While both Adjudications relied on the ineffectiveness of the ‘Final Certificate’ and claimed the same sum, the Relevant Event was CBSL’s notice of 1st April 2013. Neither this notice nor the consequence of it (CBSL’s entitlement to be paid if no Payless Notice was issued served) gave rise to dispute referred in the first Adjudication. Crucially CBSL were not making good a shortcoming in the earlier letter by bring a new claim via a new and different route as it relied on a letter issued after the Decision of the first Adjudication and therefore raised a different dispute. This had been dealt with by Judge Raynor QC in his judgment, “what was decided in the First Adjudication was the ineffectiveness of the notice given in December 2013. That was not raised at all as an issue in the Second Adjudication.”
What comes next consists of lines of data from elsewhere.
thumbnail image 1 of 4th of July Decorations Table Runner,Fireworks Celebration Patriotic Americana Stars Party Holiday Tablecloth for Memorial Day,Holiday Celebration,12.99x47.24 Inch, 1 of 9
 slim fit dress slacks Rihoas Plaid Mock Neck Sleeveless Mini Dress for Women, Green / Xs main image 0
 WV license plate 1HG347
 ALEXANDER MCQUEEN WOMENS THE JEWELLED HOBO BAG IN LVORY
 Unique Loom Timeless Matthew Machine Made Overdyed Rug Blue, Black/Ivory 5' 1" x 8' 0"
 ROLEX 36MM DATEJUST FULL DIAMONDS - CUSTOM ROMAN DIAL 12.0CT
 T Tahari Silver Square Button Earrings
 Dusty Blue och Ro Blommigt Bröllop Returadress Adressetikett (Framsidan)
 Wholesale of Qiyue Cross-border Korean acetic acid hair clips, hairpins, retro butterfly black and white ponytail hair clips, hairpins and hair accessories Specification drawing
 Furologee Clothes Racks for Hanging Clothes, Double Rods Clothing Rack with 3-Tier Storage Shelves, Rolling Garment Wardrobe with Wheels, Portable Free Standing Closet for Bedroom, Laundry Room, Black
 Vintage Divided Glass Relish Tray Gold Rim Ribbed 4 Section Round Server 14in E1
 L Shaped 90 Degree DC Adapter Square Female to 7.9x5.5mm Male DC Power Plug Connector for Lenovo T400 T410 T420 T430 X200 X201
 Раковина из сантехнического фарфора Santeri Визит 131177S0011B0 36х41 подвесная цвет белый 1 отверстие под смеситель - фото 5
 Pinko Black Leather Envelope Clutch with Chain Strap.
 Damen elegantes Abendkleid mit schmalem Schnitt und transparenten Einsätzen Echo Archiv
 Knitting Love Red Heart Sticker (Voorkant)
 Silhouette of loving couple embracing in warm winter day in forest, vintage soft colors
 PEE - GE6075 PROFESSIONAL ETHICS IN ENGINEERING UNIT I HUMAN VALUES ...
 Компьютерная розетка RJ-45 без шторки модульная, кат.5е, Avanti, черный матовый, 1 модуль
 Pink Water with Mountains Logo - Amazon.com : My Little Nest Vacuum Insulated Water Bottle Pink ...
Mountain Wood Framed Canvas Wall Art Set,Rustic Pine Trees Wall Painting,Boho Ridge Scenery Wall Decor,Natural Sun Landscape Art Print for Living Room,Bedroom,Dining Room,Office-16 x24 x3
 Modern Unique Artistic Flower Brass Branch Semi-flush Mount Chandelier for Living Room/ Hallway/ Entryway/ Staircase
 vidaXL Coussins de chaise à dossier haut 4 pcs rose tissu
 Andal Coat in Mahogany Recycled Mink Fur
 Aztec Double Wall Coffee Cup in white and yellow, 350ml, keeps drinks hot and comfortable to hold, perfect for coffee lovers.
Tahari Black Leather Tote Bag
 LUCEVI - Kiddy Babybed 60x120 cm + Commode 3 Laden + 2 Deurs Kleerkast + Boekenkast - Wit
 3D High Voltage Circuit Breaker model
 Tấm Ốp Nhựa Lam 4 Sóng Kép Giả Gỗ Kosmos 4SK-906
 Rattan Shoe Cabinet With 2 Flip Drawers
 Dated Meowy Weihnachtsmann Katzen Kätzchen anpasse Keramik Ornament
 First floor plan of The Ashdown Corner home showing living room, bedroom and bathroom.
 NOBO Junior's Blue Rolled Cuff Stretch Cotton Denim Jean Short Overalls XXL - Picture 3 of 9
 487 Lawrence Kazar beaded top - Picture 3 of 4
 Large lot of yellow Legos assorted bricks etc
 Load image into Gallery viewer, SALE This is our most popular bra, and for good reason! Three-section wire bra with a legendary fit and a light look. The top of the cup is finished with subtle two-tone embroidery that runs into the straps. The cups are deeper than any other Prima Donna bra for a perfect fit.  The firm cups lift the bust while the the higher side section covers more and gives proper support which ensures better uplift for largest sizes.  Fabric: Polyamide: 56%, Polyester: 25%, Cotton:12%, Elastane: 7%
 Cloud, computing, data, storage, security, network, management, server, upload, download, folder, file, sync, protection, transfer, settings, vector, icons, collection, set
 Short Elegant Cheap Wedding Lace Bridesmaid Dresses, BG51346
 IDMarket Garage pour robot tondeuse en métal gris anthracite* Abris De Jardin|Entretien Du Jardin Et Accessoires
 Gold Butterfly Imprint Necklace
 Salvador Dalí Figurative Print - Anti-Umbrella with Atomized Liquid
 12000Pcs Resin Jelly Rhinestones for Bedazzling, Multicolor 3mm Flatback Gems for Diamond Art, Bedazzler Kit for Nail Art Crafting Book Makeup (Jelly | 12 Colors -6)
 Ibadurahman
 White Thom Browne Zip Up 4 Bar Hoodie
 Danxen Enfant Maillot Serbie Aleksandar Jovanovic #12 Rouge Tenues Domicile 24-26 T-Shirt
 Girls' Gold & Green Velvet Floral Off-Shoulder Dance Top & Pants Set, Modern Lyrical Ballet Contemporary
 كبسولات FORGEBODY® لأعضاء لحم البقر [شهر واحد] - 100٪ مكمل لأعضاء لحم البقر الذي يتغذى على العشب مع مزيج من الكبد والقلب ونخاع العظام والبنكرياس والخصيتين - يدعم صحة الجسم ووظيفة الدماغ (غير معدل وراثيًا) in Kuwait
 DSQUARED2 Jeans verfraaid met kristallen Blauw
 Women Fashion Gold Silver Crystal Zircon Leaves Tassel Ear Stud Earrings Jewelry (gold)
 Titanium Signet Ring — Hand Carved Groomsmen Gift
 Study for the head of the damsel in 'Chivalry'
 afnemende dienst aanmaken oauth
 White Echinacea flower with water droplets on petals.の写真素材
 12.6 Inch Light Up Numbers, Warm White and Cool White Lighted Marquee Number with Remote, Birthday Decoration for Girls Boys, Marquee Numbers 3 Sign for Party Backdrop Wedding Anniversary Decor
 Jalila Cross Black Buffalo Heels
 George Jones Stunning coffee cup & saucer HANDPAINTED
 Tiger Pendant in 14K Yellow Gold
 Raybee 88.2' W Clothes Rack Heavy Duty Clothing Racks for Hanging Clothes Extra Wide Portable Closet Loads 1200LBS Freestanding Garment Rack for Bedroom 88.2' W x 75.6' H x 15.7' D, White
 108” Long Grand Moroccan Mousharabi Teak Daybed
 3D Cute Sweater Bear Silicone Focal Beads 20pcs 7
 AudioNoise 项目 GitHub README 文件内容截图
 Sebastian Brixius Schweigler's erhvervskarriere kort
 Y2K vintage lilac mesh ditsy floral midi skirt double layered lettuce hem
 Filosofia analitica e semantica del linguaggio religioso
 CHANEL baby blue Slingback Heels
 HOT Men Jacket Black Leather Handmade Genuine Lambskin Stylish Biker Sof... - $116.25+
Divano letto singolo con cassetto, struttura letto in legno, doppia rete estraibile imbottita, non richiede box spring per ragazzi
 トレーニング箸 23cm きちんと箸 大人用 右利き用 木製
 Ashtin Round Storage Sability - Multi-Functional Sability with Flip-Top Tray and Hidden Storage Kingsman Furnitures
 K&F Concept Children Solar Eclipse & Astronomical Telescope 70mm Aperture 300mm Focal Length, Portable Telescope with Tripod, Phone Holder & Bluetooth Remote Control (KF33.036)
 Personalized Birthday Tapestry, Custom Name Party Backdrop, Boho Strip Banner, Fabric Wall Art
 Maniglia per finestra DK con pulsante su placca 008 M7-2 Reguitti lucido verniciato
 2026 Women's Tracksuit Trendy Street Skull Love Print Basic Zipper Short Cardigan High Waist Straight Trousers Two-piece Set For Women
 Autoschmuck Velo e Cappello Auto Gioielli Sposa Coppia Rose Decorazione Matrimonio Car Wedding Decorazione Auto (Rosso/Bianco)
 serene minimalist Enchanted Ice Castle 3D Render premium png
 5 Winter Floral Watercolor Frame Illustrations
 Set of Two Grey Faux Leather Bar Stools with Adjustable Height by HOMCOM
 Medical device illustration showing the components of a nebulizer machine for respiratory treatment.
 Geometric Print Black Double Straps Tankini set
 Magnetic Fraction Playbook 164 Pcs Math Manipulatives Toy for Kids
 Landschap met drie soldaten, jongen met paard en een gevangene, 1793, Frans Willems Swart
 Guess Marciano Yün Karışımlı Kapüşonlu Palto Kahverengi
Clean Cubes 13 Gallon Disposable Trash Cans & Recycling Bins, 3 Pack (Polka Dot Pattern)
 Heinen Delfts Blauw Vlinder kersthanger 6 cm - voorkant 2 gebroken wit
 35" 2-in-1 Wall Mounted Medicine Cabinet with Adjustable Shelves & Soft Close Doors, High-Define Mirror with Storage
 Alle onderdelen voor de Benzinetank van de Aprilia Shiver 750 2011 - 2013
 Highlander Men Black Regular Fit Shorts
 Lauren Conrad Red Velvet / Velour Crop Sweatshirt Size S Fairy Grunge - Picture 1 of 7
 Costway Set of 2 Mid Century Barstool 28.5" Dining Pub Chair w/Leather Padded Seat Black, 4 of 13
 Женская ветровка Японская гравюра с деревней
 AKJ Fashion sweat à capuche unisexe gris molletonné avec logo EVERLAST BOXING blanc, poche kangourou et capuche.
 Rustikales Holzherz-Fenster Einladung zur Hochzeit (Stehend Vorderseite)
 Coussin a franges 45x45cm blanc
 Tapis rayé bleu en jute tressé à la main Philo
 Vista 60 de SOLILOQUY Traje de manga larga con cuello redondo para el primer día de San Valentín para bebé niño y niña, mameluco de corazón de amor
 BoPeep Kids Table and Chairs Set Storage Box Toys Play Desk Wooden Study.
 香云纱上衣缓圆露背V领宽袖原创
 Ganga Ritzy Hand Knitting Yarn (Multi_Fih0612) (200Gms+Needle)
The appeal was therefore dismissed.

 

What is the lesson here?

It the same lesson as in Henia Investments Inc v Beck Interiors Ltd [2015] EWHC 2433 (TCC), follow the contract and stick to its strict timetables particularly around the Payment Mechanism

In this case Brown could have protected themselves by issuing a Payless Notice, but did not. There would still have been a dispute, that is clear, but as the second Adjudication was found to be a different dispute, so too would a second Adjudication where a valid Payless Notice was in place.